Qu’il s’agisse des matières premières (cuits et peaux) ou des produits finis (maroquinerie, chaussures, vêtements, mobilier…), l’ensemble des activités tournant autour du cuir devraient enregistrer cette année un chiffre d’affaires de 25 milliards d’euros (Md EUR) dont 80 % (20 Md EUR) à l’export. Avec une balance commerciale qui est redevenue positive en 2019 et des exportations en hausse constante, la France est le quatrième exportateur mondial du secteur, derrière la Chine, l’Italie et le Vietnam.
Inquiétudes sur le marché chinois
La maroquinerie, segment star de la filière, enregistre un chiffre d’affaires de 8,4 Md EUR sur les huit premiers mois de l’année, soit une hausse de 10 %, portée par les succès du luxe Made in France aux quatre coins du monde. Alors que les ventes ont dévissé de 9 % aux États-Unis (à 1 Md EUR), elles ont grimpé de 13 % en Chine (hors Hong Kong) à 1,6 Md EUR et de 12,6 % en Europe (650 millions d’euros), Allemagne, Espagne et Royaume-Uni en tête.
Cependant, Frank Boehly a invité les acteurs de la filière à surveiller de près le marché chinois.
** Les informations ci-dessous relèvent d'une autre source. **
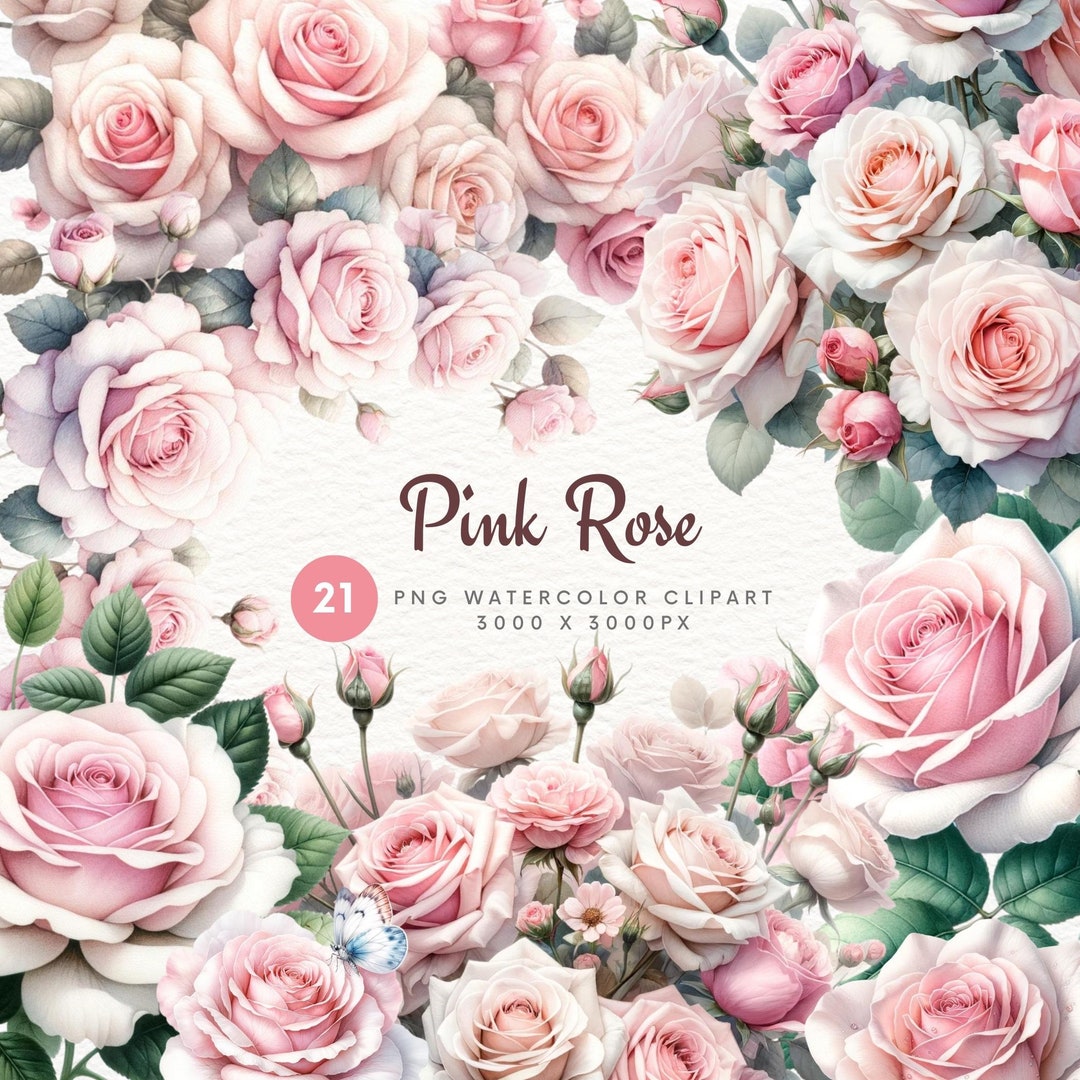 Watercolor Pink Rose Clipart Bundle, Pink Floral PNG, Pink Rose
Certes, après une crise sanitaire longue et restrictive, la réouverture de la Chine fin 2022 a provoqué une envolée de la consommation qui a notamment bénéficié à la maroquinerie de luxe. Mais la conjoncture de l’économie chinois pousse à la prudence, notamment en raison de la crise immobilière que traverse les géants Country Garden (qui a dû démentir la fuite de ses dirigeants il y a un mois) et Evergrande, dont le président a récemment vu deux propriétés de luxe situées à Hong Kong saisies par les autorités.
Les États-Unis en net recul sauf dans la chaussure
Une mise en garde qui vaut également pour la chaussure, très active à l’international en 2022 avec des exportations en hausse de 26 %. Ce segment, qui représente un tiers du chiffre d’affaires de la filière, est néanmoins moins présent que la maroquinerie dans l’ex-Empire du Milieu. La Chine est en effet le 9ème client des escarpins et autres souliers Made in France. Les vente de chaussures y ont cependant reculé de 1 % sur les huit premiers mois de l’année.
A contrario les exportations de chaussures ont explosé de 19 % à destination des États-Unis une performance qui contraste avec les autres segments : la maroquinerie et les matières premières sont en repli de 9 %. Ce revirement du marché américain, surdynamique en 2022, n’inquiète pas pour autant Frank Boehly car cette tendance suit des hausses exceptionnelles.
Du côté des cuirs et peaux, les exportations ont en revanche accusé une baisse de 9 % sur fond de décheptalisation. Le secteur doit en effet compter avec 100 000 animaux en moins par an depuis 10 ans, ce qui restreint les ressources, notamment de peaux de veaux, particulièrement prisées par l’industrie du luxe. Les ventes de cuirs et peaux ont baissé de 10 % en Europe mais cette perte a été compensé par une hausse de 20 % des exportations vers la Chine.
La concurrence chinoise se fait attendre
Faut-il pour autant craindre une concurrence locale de maroquiniers et chausseurs de luxe ? « Ce n’est pas un phénomène nouveau et les Chinois font d’excellentes choses, répond le président du CNC. Mais dans le secteur du luxe, on achète aussi une histoire et un savoir-faire. La maroquinerie est l’archétype de l’aura du Made in France à l’étranger. »
Les succès du secteur du cuir tricolore sur tous les continents entretiennent également tout un écosystème en France, mêlant grands groupes, artisans, organismes de formations… Le secteur recrute 5000 personnes par an et emploie 130 000 personnes, selon le CNC. La filière avait d’ailleurs pour la première fois monté un stand sur le MIF, le salon du Made in France, qui s’est tenu en novembre à Paris.